Colonel Newcombe went home to England to a gunnery school. He is to be an instructer under Brigadier Kerwin who is OC school.
Bee: Slept at the guns last night. Shooting all night. The tanks were supported to come up. But it started raining about eight p.m. and they must have had to stop where they were. Colonel Newcombe left us today. He has been taken home to start a new school of instruction for OC during the winter. He and our late Colonel General Kerwin, the two best and most thorough men I have met out here. They are both awfully nice men personally as well. A brute of a day. It rained all night and all of today. Show has been put off 48 hours now this jolly wet has started, of course. I have not a pair of boots to my name that are watertight. Have been waiting until I go on leave but have been caught on the hop all right.

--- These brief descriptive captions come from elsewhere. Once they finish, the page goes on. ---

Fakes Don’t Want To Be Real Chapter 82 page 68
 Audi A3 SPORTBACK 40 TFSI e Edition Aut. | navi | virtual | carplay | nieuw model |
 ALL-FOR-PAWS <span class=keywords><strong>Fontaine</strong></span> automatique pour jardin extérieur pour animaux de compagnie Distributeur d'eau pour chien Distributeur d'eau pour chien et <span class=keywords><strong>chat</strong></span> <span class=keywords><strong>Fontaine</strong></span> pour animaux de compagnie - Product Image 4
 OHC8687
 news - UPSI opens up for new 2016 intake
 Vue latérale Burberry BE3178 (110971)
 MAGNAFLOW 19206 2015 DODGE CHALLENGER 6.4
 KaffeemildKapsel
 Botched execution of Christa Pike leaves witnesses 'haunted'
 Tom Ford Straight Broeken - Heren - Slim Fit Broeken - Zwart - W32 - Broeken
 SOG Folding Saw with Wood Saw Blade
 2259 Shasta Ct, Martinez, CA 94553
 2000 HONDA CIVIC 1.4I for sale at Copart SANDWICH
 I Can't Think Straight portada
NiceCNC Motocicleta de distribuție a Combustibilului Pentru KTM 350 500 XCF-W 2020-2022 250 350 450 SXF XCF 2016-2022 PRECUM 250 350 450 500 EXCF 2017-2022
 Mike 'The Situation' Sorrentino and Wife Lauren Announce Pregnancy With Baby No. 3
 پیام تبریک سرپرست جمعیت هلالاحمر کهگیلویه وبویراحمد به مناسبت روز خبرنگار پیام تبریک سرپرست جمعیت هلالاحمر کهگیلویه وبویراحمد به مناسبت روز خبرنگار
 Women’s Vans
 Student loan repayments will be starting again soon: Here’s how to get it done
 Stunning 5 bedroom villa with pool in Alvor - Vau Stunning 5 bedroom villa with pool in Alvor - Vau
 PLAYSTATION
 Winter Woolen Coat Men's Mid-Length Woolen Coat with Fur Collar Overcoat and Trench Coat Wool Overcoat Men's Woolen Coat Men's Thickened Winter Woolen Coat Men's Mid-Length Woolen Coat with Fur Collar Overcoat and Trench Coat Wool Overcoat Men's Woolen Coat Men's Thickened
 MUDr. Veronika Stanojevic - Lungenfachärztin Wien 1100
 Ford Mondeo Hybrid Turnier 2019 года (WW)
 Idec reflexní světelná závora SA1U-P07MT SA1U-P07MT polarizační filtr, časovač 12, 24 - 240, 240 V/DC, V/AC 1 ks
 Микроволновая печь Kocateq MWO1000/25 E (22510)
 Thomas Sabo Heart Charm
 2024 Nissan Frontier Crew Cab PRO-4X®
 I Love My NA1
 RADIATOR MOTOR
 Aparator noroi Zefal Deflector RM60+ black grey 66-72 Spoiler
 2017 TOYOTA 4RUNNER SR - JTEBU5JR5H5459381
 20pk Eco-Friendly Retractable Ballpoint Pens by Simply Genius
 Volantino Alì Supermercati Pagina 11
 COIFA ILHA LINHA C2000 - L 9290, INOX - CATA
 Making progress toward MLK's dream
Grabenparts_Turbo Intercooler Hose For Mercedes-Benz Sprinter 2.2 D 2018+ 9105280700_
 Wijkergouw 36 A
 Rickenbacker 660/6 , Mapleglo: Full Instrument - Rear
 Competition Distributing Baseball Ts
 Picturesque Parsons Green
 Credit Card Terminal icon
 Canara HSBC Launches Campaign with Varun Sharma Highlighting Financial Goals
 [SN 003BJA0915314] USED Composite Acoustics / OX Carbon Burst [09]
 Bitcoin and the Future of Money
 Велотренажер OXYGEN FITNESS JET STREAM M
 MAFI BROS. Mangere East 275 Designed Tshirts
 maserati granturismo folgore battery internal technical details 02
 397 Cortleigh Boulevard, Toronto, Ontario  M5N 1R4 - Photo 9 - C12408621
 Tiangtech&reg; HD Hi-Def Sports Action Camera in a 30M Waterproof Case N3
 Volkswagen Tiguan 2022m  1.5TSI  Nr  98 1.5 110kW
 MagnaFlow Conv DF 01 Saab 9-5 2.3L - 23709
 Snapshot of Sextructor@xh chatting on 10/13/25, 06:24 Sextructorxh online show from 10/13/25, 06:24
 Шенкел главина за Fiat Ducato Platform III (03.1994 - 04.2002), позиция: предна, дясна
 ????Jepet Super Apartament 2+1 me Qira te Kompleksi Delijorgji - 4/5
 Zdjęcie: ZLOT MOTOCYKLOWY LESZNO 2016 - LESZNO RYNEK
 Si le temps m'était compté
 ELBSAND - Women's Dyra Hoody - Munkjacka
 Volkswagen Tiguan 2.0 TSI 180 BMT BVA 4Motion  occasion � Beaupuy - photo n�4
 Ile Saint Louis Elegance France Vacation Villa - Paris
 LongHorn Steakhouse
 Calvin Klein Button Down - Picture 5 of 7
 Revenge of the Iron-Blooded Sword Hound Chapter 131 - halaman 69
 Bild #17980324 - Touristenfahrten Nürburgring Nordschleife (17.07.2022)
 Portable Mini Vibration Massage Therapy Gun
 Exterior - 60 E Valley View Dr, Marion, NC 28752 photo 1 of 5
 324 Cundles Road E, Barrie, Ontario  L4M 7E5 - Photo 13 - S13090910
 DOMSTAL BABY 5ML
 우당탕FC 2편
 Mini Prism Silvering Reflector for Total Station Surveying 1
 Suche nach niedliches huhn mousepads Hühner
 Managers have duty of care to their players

Walford: Relieved by Cruikshank at ten a.m and hear that Siggers has been appointed intelligence officer for the brigade and has to go over with the infantry. Good luck to him. In the afternoon, Siggers and I had a tour of the big uns, first of all visiting 15-inch howitzer - she is called granny and was firing when we arrived. She is not a big piece, but the shells are huge and stand about 3.6 height, weighing 11 cwt. What sort of a splash it makes on landing, I shudder to think. The 12-inch howitzer was our next stop. It is a nice looking piece and a much solider looking weapon. The shell it fires is large too, it weighs 7 cwt. We passed numerous 9.2 and 6-inch hows between the two large ones. The former having an enormous dump of ammunition at their guns. We also had a squint at the 6-inch Mark VII, which was firing as we passed. The officers of the 12-inch were very hospitable, showed us all over the gun then gave us a drink at the Mess, which was on the side of a railway embankment.
In the evening the captain on returning from brigade informed me I had been awarded the Military Cross.
Bee: Went up to the guns this morning, a very foggy morning but much warmer and the fog lifted for an hour about two p.m. But got very little shooting done. The Hun aeroplanes were fairly active during this time. The show was put off again. I don't think it will ever take place. And am certain that we always let the Hun know long beforehand that we intend to make a push by the artillery all shooting like fun a week beforehand.
Walford: Sunday. More frost and another cold east wind blowing. I relieved Cruikshank at the guns. Bailley, who had come up from the wagon line for breakfast walked up with Suttie and myself. We shot the whole day, loosing off 1089 rounds at the Bosche. Nothing thrilling happened.
Bee: Another fearfully raw day. Wrote most of the morning. After lunch went on to D 26 to hear what news I could get out of Sanger, as he has just returned from leave. Heard about Uncle and Spud Ritchie, who were wounded on the Somme. I went up into the hedge in front of their battery to see if I could see Stuff Redoubt, but it was too misty. It was the first time I had watched a 4.5 fire and I was surprised to see how far you could follow the shell in the air. After afternoon tea we came back and visited Kellagher, who is moving up into his new position 1,000 yards from the front line. A very unhealthy spot, I think.